Both the Clinton and Bush departments of Housing and Urban Development raised the quotas repeatedly. For example, initially, the Clinton Administration required 21% of these quasi-governmental mortgages must go to “underserved areas” (which are officially defined as “low-income census tracts or in low- or middle-income census tracts with high minority populations"), but the quota for 2008 established by the Bush Administration is 39 percent.

Reuters reported October 13, 1999:

"The mortgage industry intends to pursue minorities with greater intensity as federal regulators turn up the heat to increase home ownership in underserved groups. “We need to push into these underserved markets as much as we can,’ said David Glenn, president and chief operating officer of Freddie Mac. …

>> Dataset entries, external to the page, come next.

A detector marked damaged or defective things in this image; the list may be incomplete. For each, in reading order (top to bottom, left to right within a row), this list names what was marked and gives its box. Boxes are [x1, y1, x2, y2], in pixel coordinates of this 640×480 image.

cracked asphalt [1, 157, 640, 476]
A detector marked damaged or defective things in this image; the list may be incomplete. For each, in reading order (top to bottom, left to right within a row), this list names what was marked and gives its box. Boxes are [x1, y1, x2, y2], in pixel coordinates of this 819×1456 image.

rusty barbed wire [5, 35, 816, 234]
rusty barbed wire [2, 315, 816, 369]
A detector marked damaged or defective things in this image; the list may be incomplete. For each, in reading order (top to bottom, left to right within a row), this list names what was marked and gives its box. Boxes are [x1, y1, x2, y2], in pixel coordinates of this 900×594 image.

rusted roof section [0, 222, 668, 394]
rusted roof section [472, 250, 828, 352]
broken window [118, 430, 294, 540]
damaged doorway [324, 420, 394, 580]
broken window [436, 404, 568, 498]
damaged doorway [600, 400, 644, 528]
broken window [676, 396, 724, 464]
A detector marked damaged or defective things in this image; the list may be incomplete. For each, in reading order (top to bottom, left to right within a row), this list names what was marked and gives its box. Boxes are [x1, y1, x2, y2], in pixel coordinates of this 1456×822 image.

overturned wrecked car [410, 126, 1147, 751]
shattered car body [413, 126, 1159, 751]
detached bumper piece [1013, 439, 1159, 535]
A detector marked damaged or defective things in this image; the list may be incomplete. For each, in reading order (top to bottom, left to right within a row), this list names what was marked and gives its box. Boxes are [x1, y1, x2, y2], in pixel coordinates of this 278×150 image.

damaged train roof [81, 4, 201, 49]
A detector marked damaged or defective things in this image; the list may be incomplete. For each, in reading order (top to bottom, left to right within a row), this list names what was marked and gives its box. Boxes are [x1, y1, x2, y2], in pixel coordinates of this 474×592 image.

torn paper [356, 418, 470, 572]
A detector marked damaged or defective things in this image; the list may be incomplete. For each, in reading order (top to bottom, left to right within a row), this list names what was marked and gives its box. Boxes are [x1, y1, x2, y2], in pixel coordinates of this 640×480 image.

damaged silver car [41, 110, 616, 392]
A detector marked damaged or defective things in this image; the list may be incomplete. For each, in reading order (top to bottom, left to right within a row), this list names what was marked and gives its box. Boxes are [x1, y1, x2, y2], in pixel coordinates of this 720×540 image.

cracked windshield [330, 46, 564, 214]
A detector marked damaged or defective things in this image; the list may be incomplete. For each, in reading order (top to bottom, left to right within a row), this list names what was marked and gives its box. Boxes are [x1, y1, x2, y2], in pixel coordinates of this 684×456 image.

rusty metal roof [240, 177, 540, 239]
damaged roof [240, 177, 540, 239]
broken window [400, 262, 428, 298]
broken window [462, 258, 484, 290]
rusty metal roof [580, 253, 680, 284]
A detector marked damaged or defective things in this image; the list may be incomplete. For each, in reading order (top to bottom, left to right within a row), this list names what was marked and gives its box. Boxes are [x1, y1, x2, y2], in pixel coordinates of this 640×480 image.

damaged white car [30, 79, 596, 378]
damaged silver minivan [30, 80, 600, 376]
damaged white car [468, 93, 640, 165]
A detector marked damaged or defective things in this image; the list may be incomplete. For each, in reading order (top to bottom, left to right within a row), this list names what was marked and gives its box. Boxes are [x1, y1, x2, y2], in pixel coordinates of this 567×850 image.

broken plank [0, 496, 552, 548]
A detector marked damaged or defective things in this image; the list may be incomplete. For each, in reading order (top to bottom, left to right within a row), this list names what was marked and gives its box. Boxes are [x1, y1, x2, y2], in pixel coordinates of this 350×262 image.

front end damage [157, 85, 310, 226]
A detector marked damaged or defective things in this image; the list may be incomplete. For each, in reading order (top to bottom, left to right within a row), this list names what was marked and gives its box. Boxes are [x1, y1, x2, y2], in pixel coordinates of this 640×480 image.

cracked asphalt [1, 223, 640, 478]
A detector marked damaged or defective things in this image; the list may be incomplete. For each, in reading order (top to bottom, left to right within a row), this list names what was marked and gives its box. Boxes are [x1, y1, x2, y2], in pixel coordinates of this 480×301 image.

"In September, Freddie Mac launched a new lending program, based on research done in collaboration with five black colleges, to bring more African-Americans into the market.

"The federal government in the meantime has increased pressure on lenders to seek out minorities, as well as low-income groups and borrowers with poor credit histories.

"Fannie Mae recently reached an agreement with the U.S. Department of Housing and Urban Development to commit half its business to low-and moderate-income borrowers. That means half the mortgages bought by Fannie Mae would be from those income brackets."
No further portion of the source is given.